Am I prepared to follow the Christ who went to the cross? And as I read this and as I think about it, a part of me says it's foolishness to abandon ourselves entirely to Jesus. Have something up the sleeve. Just rely on something. Whether that is your knowledge, whether that is a second career, whether that is a second home.

You gotta keep some balance in your life. You gotta be able to enjoy life. These words of Elliot breaks it all down with piercing perspective. He is no fool who gives what he cannot keep to gain what he will never lose. This is not foolishness to him.

It makes perfect sense. You've been bought by the blood of Jesus. It has been done for you, friend. You are His. There is no question about it.

Faith the size of a mustard seed has won that for you. You cannot be lost to Him. You are His for ever. But now, please follow Him as Master. Now two things I want to leave you this morning in view of this teaching, very practical things.

The first thing is not to be complacent about your faith. You must think about your faith. You must consider your faith and your walk with the Lord. You must think about it. You must make plans to make it healthy.

You must make plans that you execute on and you have to follow through. It is something that you need to do to change your life. And so do it. Don't wait. Don't be complacent about your faith.

And the second thing I want to say is you cannot do this alone. You cannot do it alone. We were never meant to be disciples alone. Jesus had 12 with him. It's why God gave us the church.

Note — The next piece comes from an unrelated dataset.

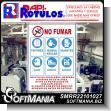 SMRR22101027: White Acrylic 3 Millimeters with Cutting Vinyl Lettering with Text Do not Use Cell Phones, Peepers or Radios in This Area Advertising Sign for Industrial Factory of Plastic Products brand Rapirotulos Dimensions 19.7x27.6 Inches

Alongside not being complacent, I want to tell you to get involved in the lives of other Christians. One of the most struggling ministries at Open House is our small group ministry. We have a handful of groups in a church of 100 members. We have, at best, 20 to 30 members involved in regular meetings. You cannot do it alone, friend.

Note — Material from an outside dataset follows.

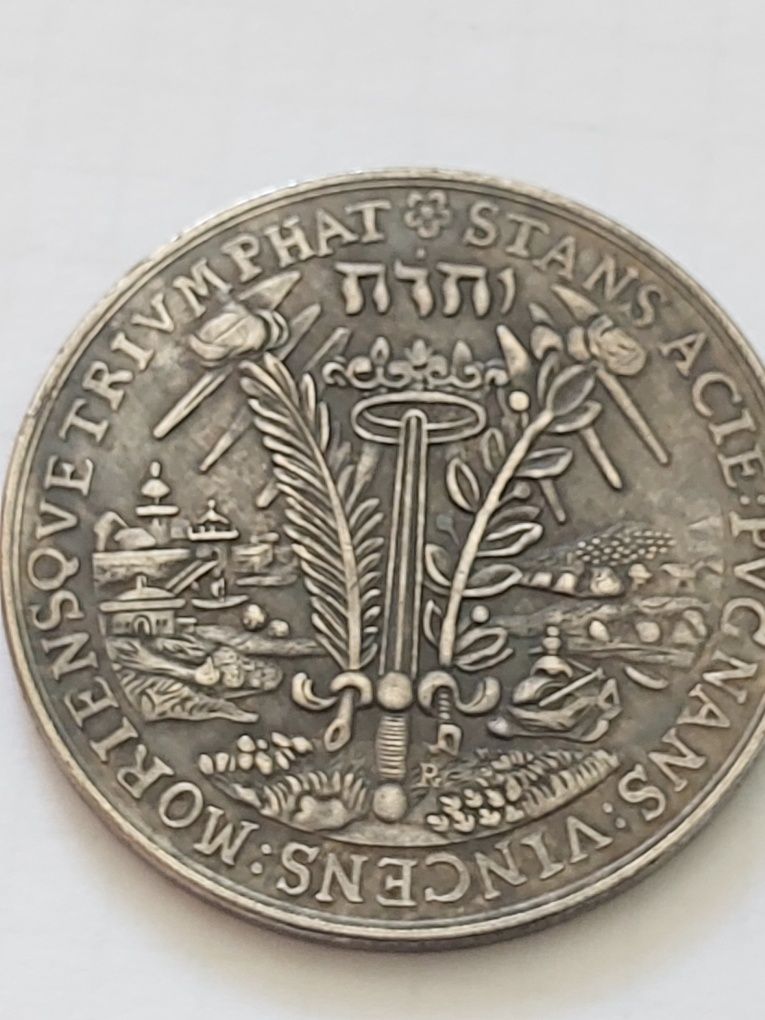Moneta Szwecja Imię Boga JHWH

You cannot do it alone. Get yourself to a small group. Come to church regularly. Stay involved. If you're frustrated that no one is meeting near you, then start a group.

Talk to me. Talk to Gary. Talk to someone, and then get the training and the resources that you need, and then start one yourself. And invite people that you know are not part of a group and start it. Don't be complacent about your faith and don't do it alone.

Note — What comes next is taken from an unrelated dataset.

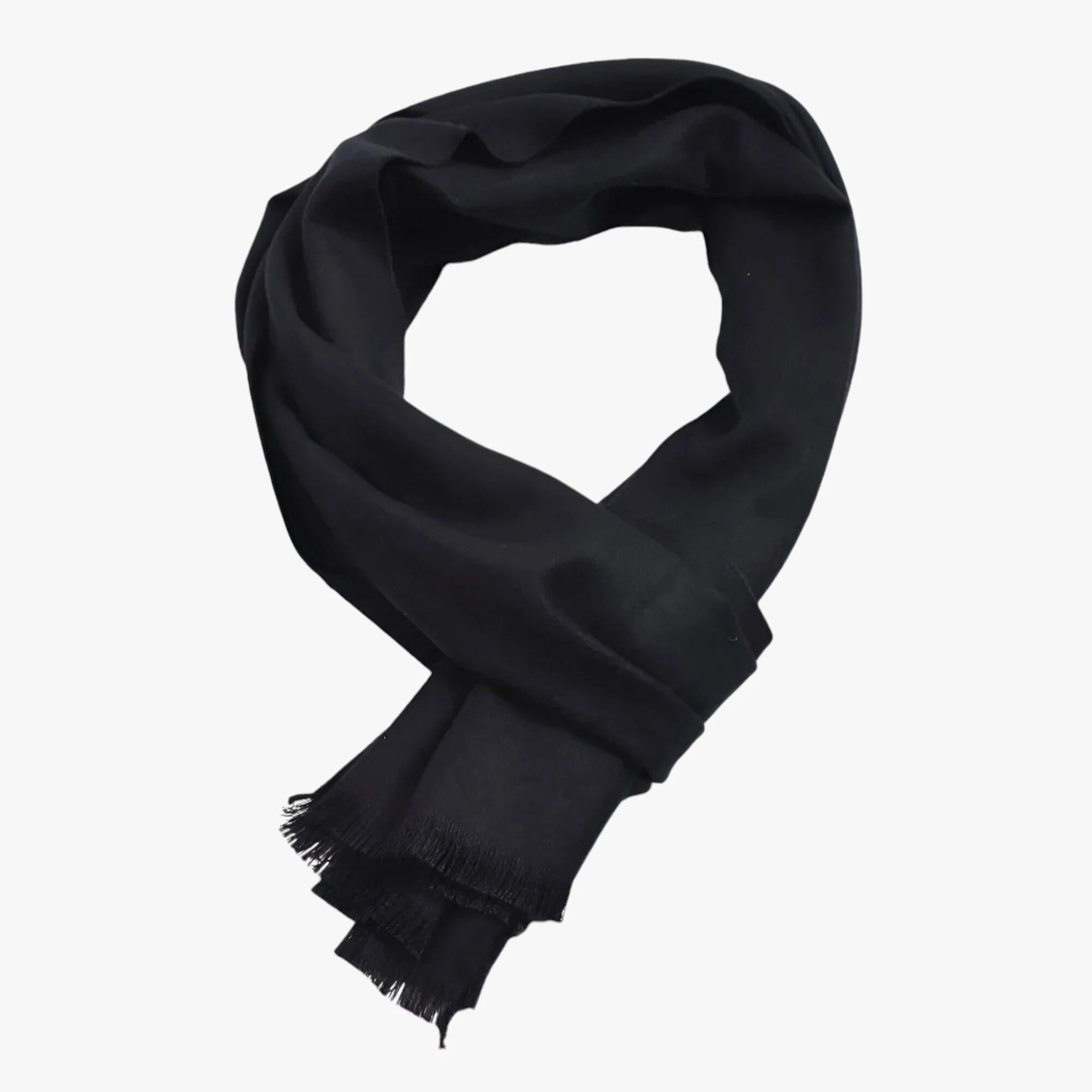 Sjaal Zwart – Effen Kasjmier – Luxe Winterwarmte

This is how we follow Christ. This is how we are able to grow and develop ourselves in following Christ. Let me pray for us. Heavenly Father, Lord Jesus, we hear Your hard words, Your hard sayings. And, Lord, first of all, we marvel and we thank You for the fact that we are already Your disciples.

It's not true and it's not possible to be a Christian and not be a disciple. We are disciples of You. We are followers of You purely by Your grace extended to us. We are Yours, Lord, because You've saved us. But now, Lord Jesus, we may choose to follow You, or we may choose to follow something else.

Help each of us to follow You. Help each of us to lay aside our life, to deny the idol of me, to take up that cross as a dead man, already dead to all the sin, all the useless things in life, the things that we cannot take with us, to give it up for the things that we will never lose. Father, bless this church. Keep it faithful and close to You. Protect it, Lord, and love it with that sanctifying, purifying love that only You can give.

And, Lord, help us to be disciples of You. We ask in Jesus' name. Amen.